The clock is ticking for the United Keetoowah Band of Cherokee Indians. The tribe may be forced to close the casino it has run in Tahlequah for nearly 25 years.
"I kind of feel sad that they have to close," said Tahlequah resident Lucas Wildcat.
Wildcat used to work at the UKB's only casino. He said he knows some of the 150 current employees, who could be impacted by a court's ruling to uphold an injunction by the state.
"That's the only job they have to support their family, and I'd hate to see them lose their job," Wildcat said.
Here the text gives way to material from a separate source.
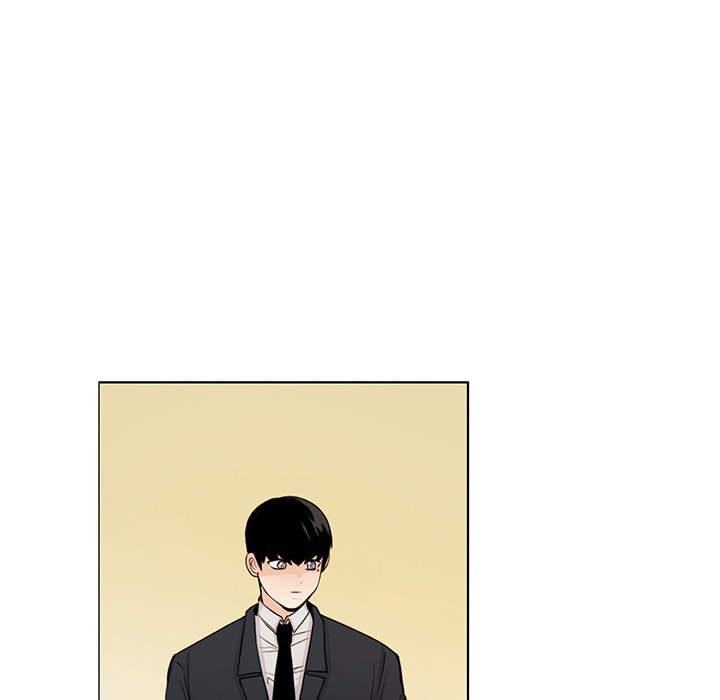 Read Love Diagnosis chapter 166 image 38 on Lezhin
The controversy surrounding the casino goes back over a decade and stems from the land the building sits on. In order to operate a casino, the land must be taken into trust by the government. Although the UKB owns the land, it was never put in trust, so the Cherokee Nation says it has exclusive jurisdiction over the land, and it wants the casino located there to close.
"Everybody likes to go there, likes to win money," said Brittany Vanbuskirk, of Tahlequah.
Vanbuskirk is one of the thousands who visit the casino every year, helping provide the tribe's primary source of income.
She also has family ties to the Keetoowahs.
"They help their children out really good, so if they lose money, it might not be helping them out very good," Vanbuskirk said.
The United Keetoowah Band released the following statement: "The administration is working to resolve the situation. We will continue on with government to provide jobs, benefits, scholarships, vouchers and whatever else we can for our people."
The state has given the UKB until Friday night to close the doors or put the land in trust, something they've tried before unsuccessfully.
The Cherokee Nation has also offered the UKB two options to remain open. One would be to allow the Cherokee Nation to put the land in its own trust, after which they would then lease the land back. The other option would be to open a new casino on Cherokee Nation land.
It's still unknown what step tribal leaders will take next, but a spokesperson for the UKB says they are working together with the Cherokee Nation, and that both options presented to them are still on the table.